Environment news round up in France this May

Rennes bans grass clippings at tips, Lyon bans polluting fireplaces and more

In Rennes grass cuttings represent 30% of vegetation dumped each year

Rennes residents’ clippings prohibited

In what is seen as a pioneering and eco-friendly move by authorities in a major city, a new law in Rennes will ban residents from dumping their lawn clippings at local tips (déchetteries) after January 1, 2024.

Explaining the reasons behind the move Vice-President of the metropolis, the ecologist Laurent Hamon told Le Télégramme: “It is time to adapt our territories to the challenges of climate change.

To achieve this, we are focusing on simple, effective measures that are within everyone’s reach.

“For example,” he continued, “at present, while lawn clippings are 80% water, we are moving this mass of water around the territory, from homes to waste collection centres, and then to platforms in the department so that this green waste can then be treated, with difficulty.”

He added that grass cuttings represent 30% of the average 380kg of vegetation dumped at tips per resident each year.

“This is an aberration at a time when we are trying to preserve water resources. Plants, especially lawns, can also meet our objectives of preserving biodiversity and the quality of our soil.”

Polluting fireplaces banned in Lyon

The use of open fireplaces or stoves over 20 years old has been banned in the Lyon area, although homeowners can get around the prefectural ban by adapting their chimney with an insert costing between €5,000 and €6,000.

However, as well as claiming state aid for the inserts, residents can apply for local donations of between €1,000 and €3,000.

Wood-burning heating in around 6,000 homes is said to be responsible for more than half of the fine particle emissions in the agglomeration, with an estimated 2,000 premature deaths in the metropolis attributed to these particles each year.

As it announced the measure, the council said it may be re-evaluated in 2027.

Climate change whistleblower dies

Credit: Denis Makarenko / Shutterstock

The scientific community has been paying tribute to French glaciologist Claude Lorius, one of the first scientists to warn humanity of its role in climate change, who died in March, aged 91 in Burgundy.
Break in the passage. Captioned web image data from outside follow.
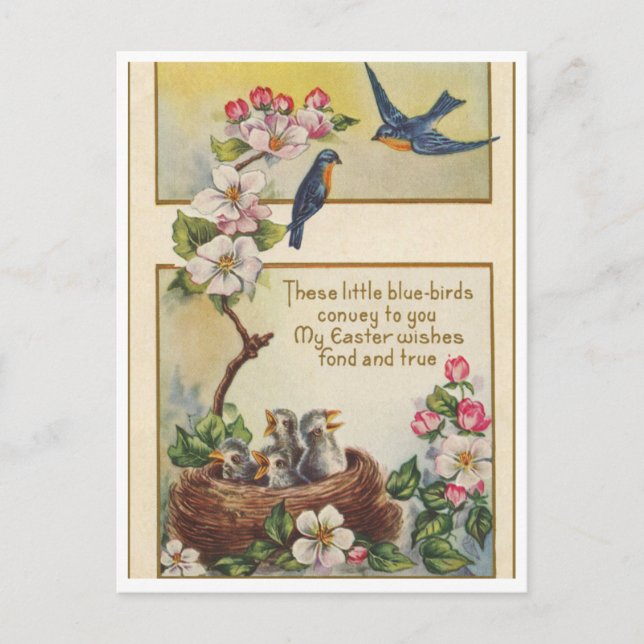 Cartão postal (Frente)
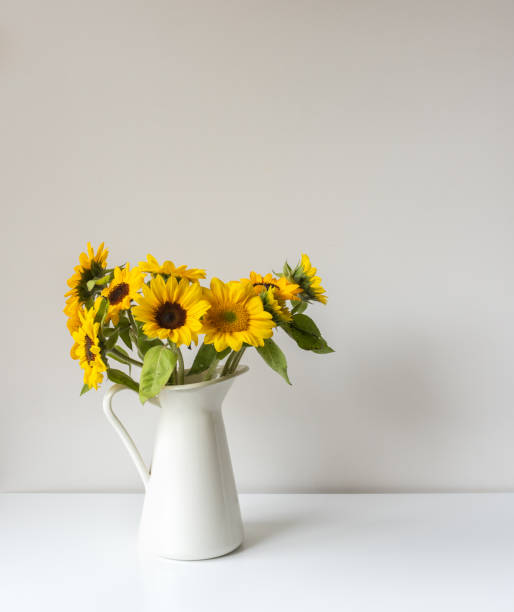 istock Sunflowers in white jug on shelf against wall 1304960116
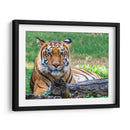 Tigre de bengala - Manuel Jiménez | Cuadro decorativo de Canvas Lab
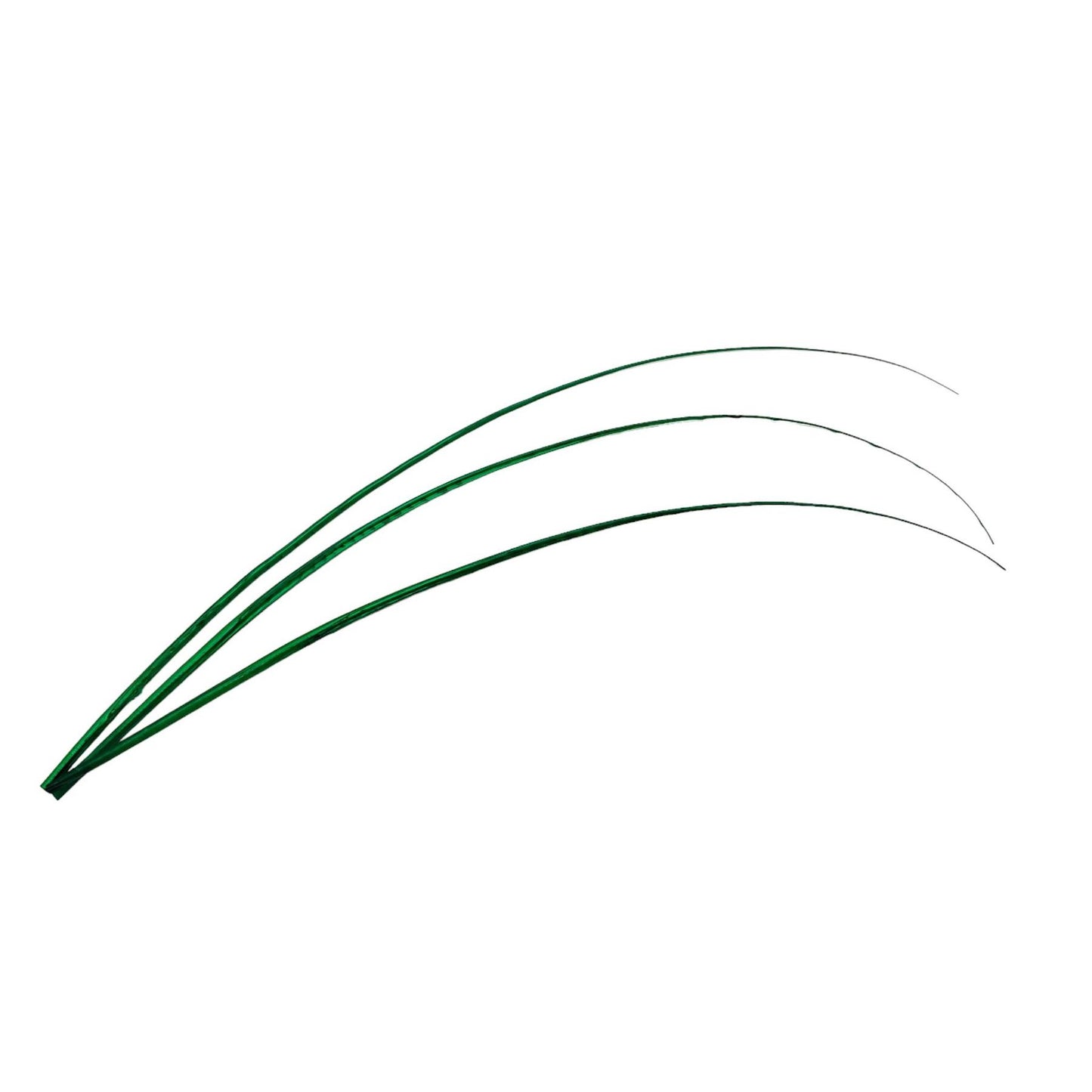 Ostrich Feather Spines 60cm x 3pcs - FE018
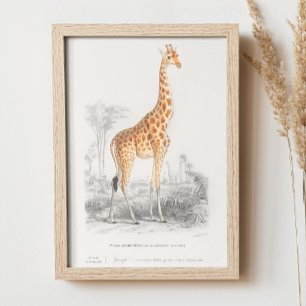 Póster Girafa de época. Ilustracion zoológico animal retr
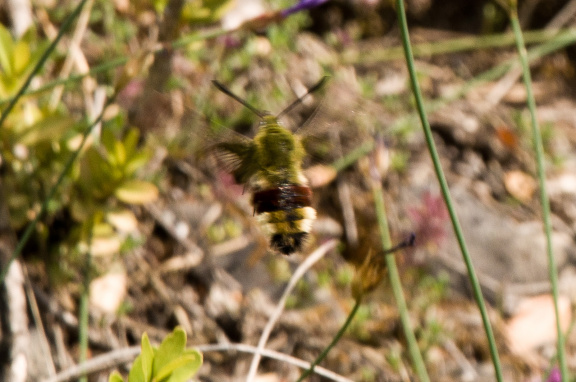 20140614 DSC 9795 1000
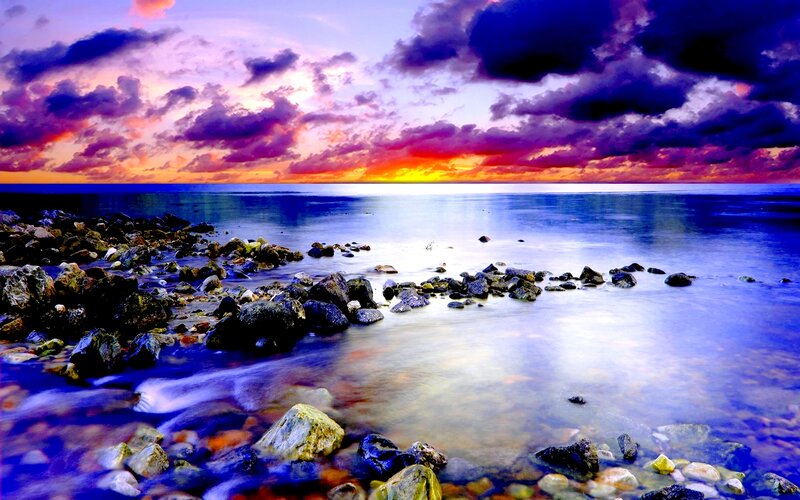 Rocks on Seashore — Purple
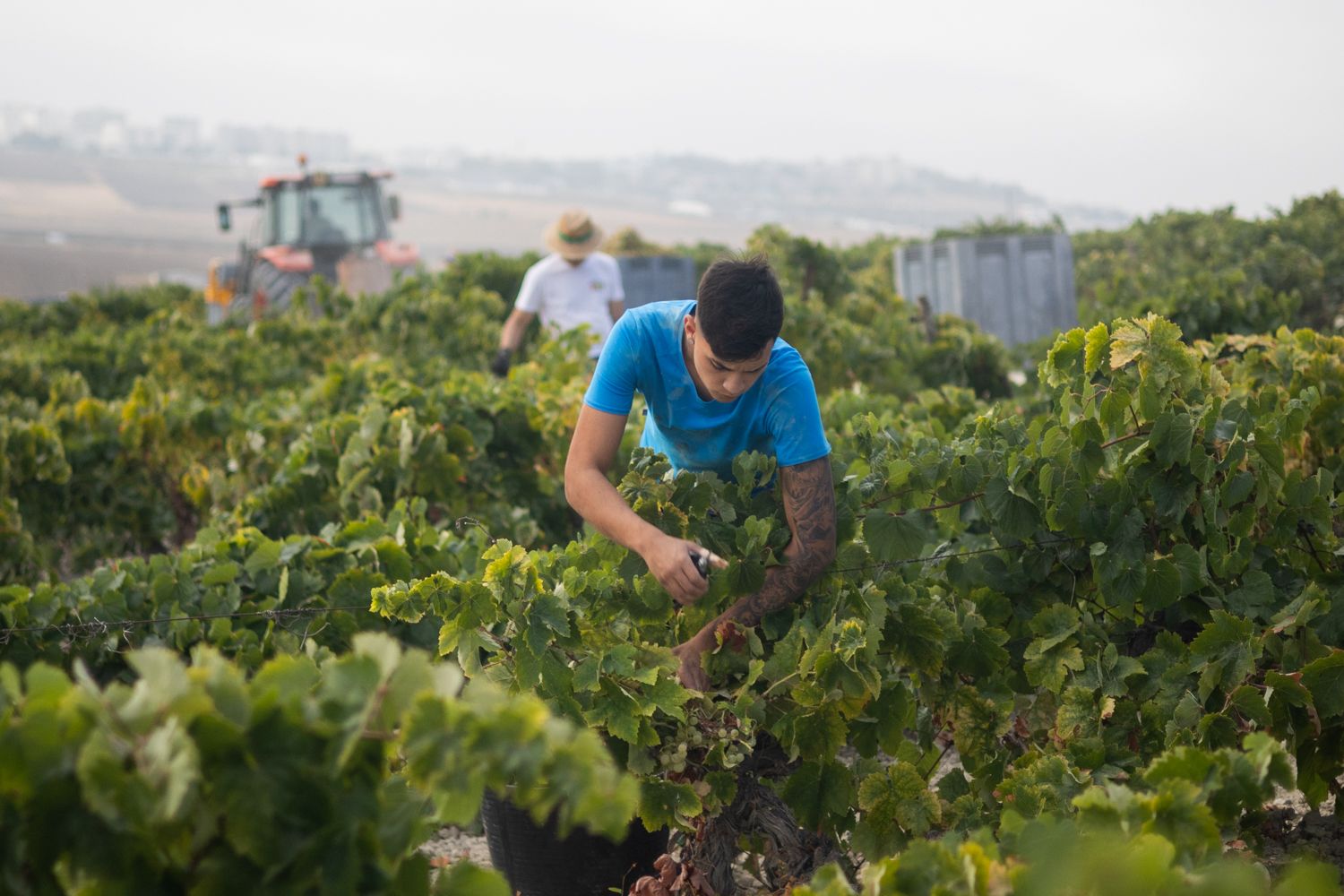 Trabajos de la vendimia en Jerez.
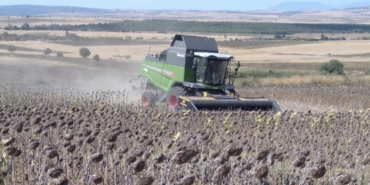 Manyas’ta ayçiçeği hasadı başladı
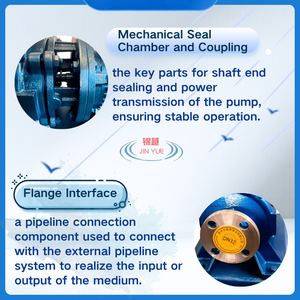 משאבה צנטריפוגלית אופקית עם יכולת התאמה כפולה לקירור וחימום, מפחיתה את עלויות הציוד להובלת מים קרים - Product Image 3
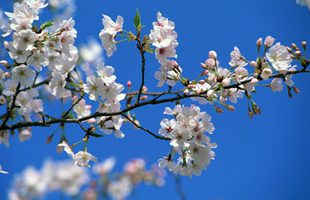 コールセンター親睦会「桜の会」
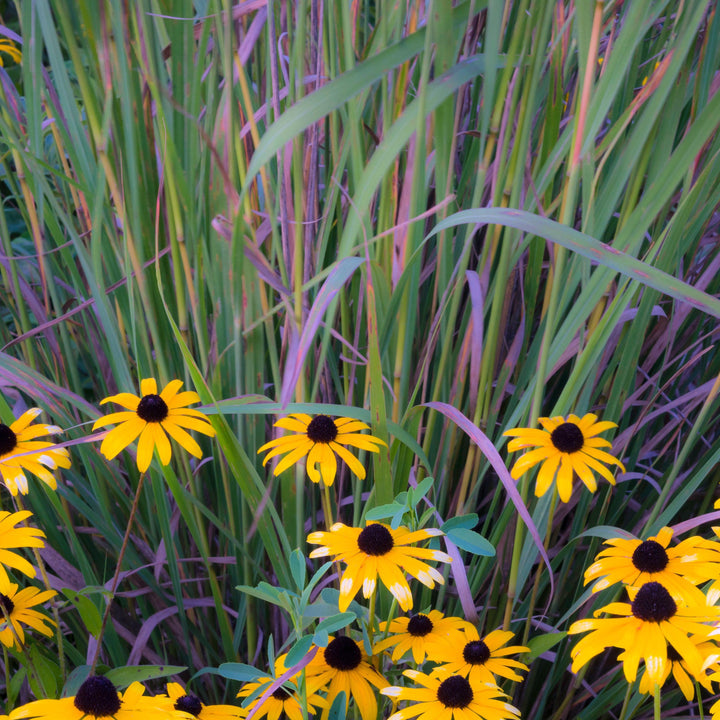 Schizachyrium scoparium 'Twilight Zone' PP27432  - Twilight Zone Little Bluestem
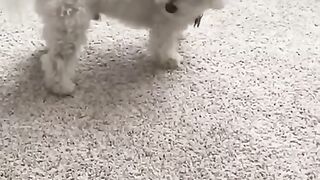 Other Dogs vs My Dog- The Finger Test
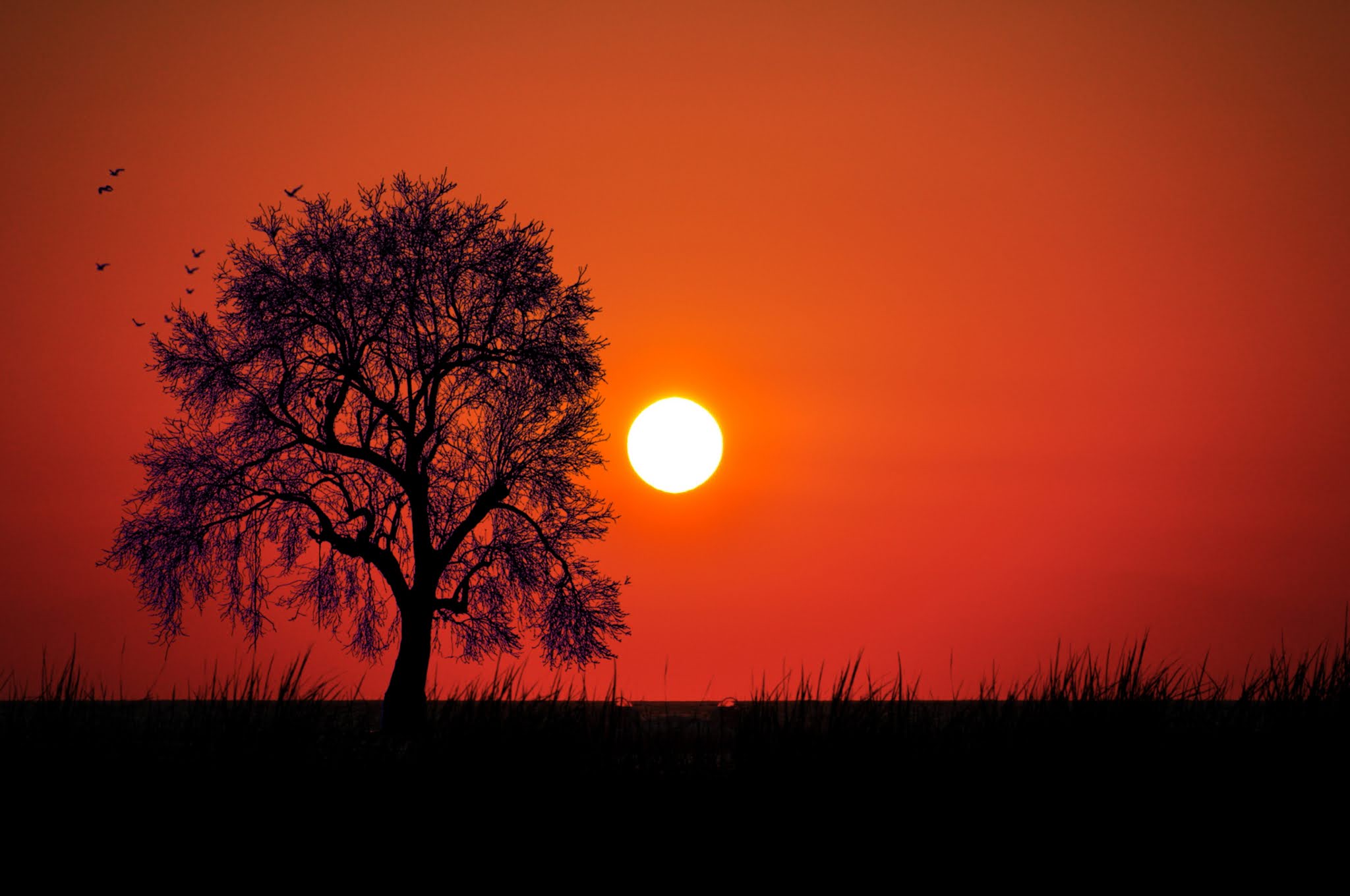 Africa sunset free image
Considered a leading climate change “whistleblower” since 1987, M. Lorius – who went on 22 expeditions to Greenland and Antarctica during his career – was the first person to scientifically prove that when CO2 increases, so too does the global temperature.

He analysed “time capsule” air bubbles trapped in ice cores extracted from the polar regions, with his groundbreaking 1987 report revealing that levels of the gas rose dramatically, along with temperatures, after the Industrial Revolution.

He drilled down to 900m, a feat that allowed him to retrace 40,000 years of climate history.

Later, as a member of the Academy of Sciences, he was passionate in his fight against global warming and in 2002 he received the gold medal from the CNRS (National Scientific Research Centre) where he first began working in 1961.

Floating solar panels to power port

A Montpellier company has inaugurated its first floating solar (photovoltaique) panels in the port of Sète, Hérault, and will later anchor them 1.5 km off the coast, where they will be connected via electricity cables back to the town.

In the initial test phase, 25 of the 12 metre-long rafts topped with panels – dubbed “Sun’sète” by their creators, SolarinBlue – will produce the equivalent of 300 kilowatts of electricity per hour to power about 20 homes in the port.